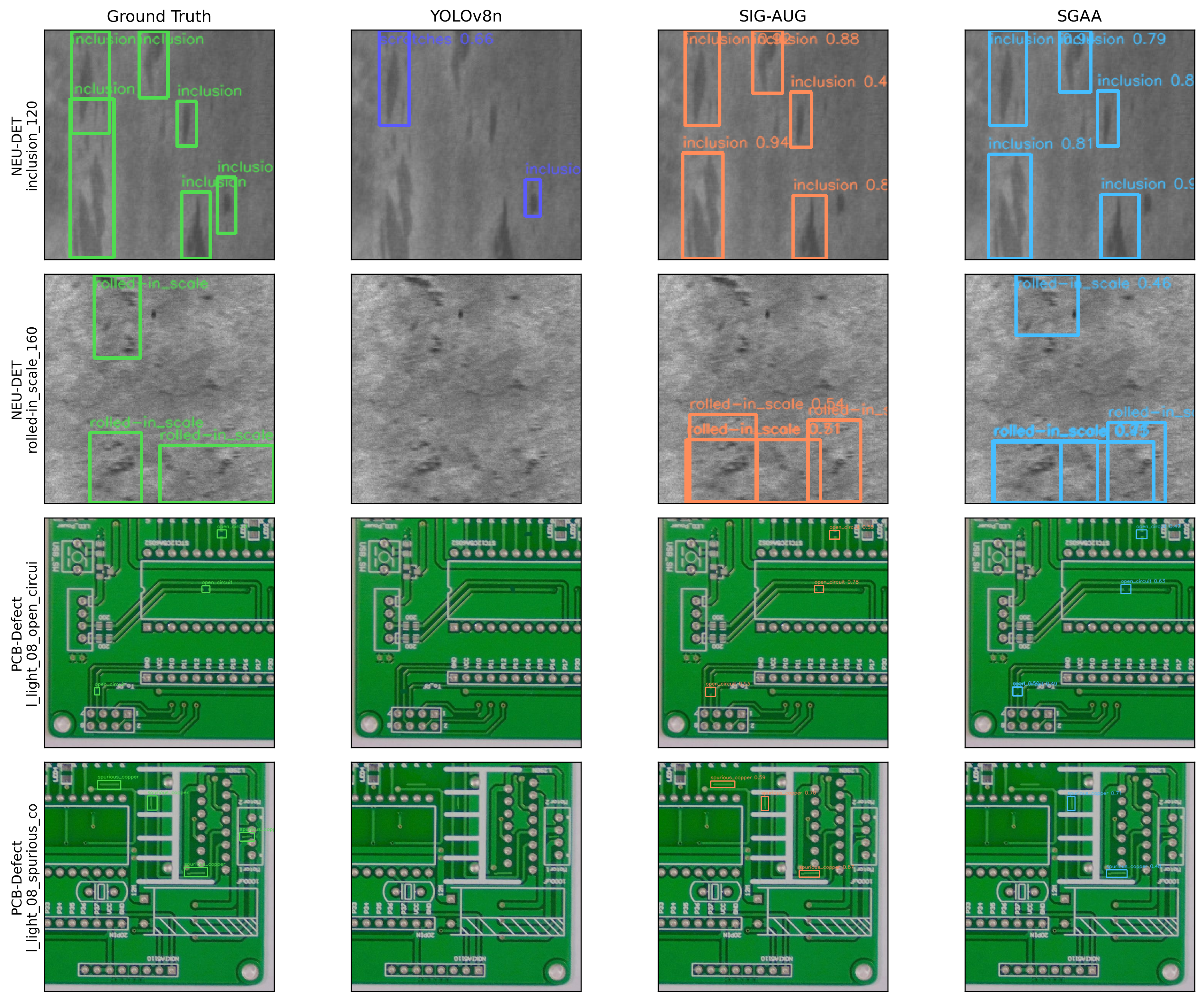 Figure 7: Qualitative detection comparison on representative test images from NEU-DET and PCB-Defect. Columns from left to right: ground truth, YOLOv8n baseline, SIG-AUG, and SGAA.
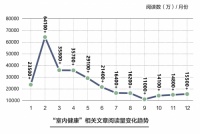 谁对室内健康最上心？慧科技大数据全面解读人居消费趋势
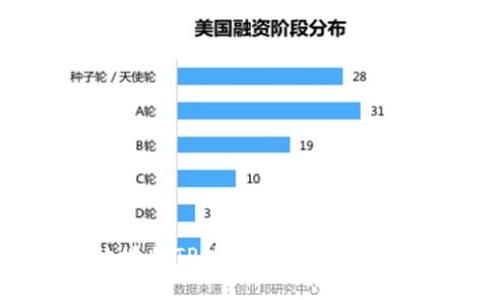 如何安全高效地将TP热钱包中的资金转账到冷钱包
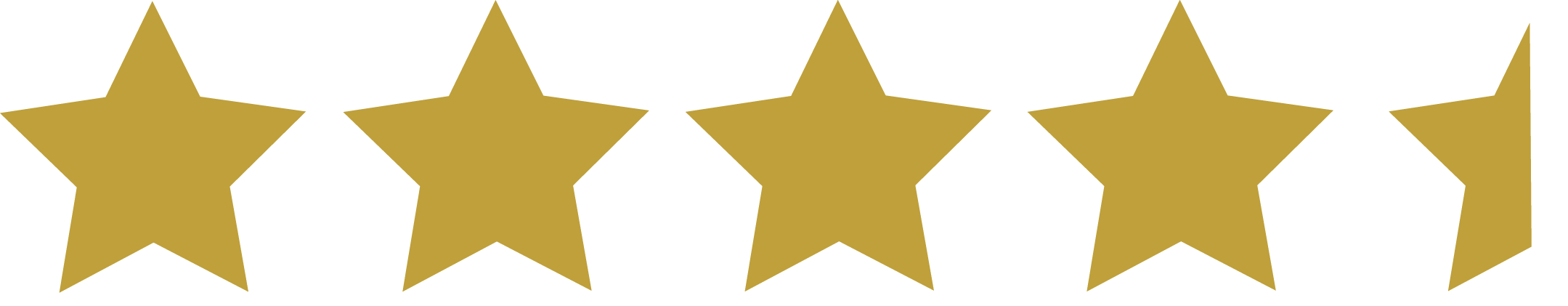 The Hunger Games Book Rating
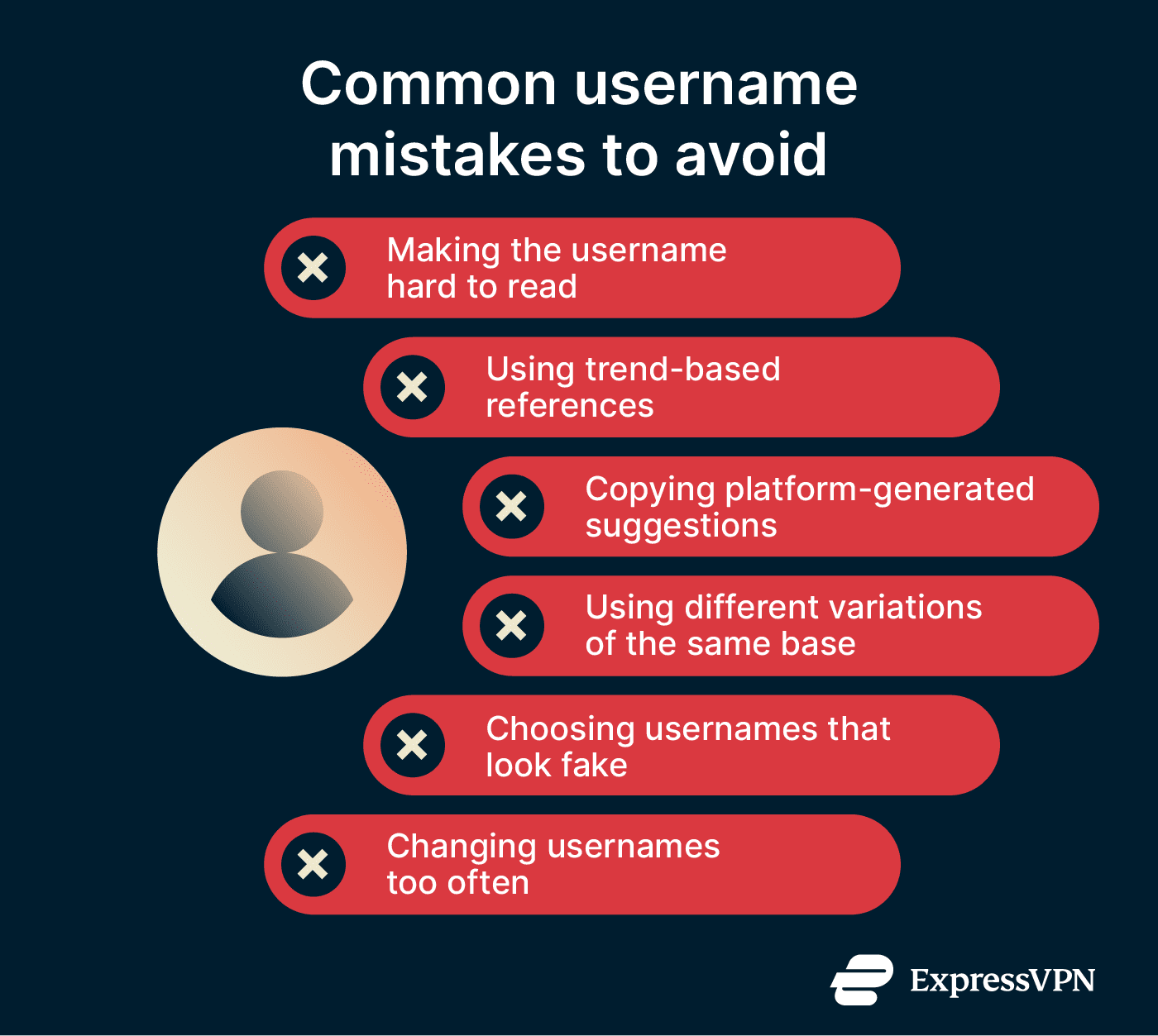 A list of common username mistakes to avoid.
* * *
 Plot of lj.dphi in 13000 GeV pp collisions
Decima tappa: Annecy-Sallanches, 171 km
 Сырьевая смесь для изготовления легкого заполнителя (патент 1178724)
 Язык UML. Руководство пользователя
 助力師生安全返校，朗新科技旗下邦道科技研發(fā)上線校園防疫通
...
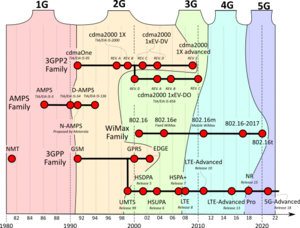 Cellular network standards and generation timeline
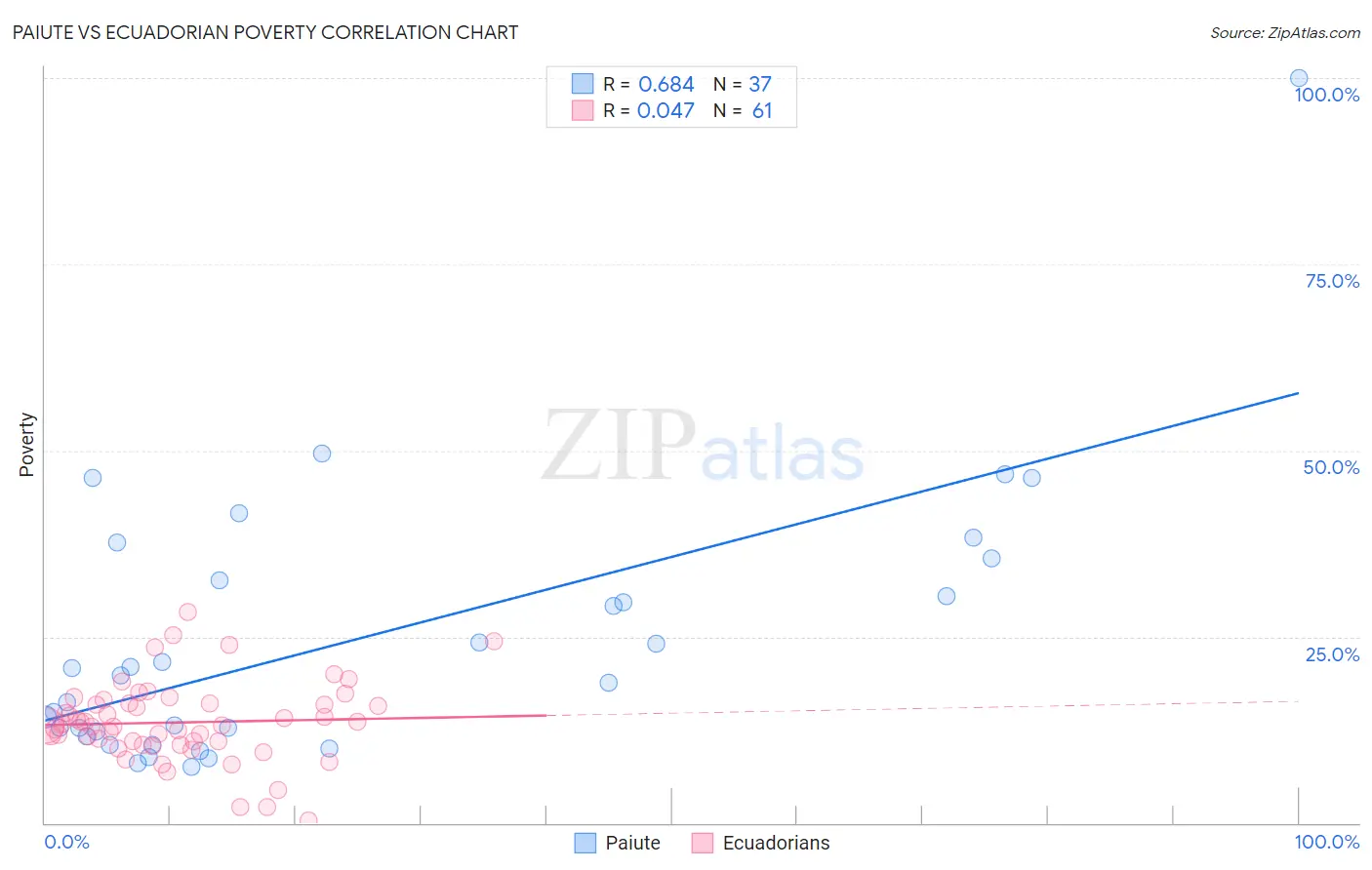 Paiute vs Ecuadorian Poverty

YOUR ASSIGNMENT
Using the data above, output the line that has "Figure 7: Qualitative", the line that has "A list of common username mistakes to avoid.", and whatever lines fall between, each exactly as it stands and without pictures.

WRITTEN SOLUTION
 Figure 7: Qualitative detection comparison on representative test images from NEU-DET and PCB-Defect. Columns from left to right: ground truth, YOLOv8n baseline, SIG-AUG, and SGAA.
 谁对室内健康最上心？慧科技大数据全面解读人居消费趋势
 如何安全高效地将TP热钱包中的资金转账到冷钱包
 The Hunger Games Book Rating
 A list of common username mistakes to avoid.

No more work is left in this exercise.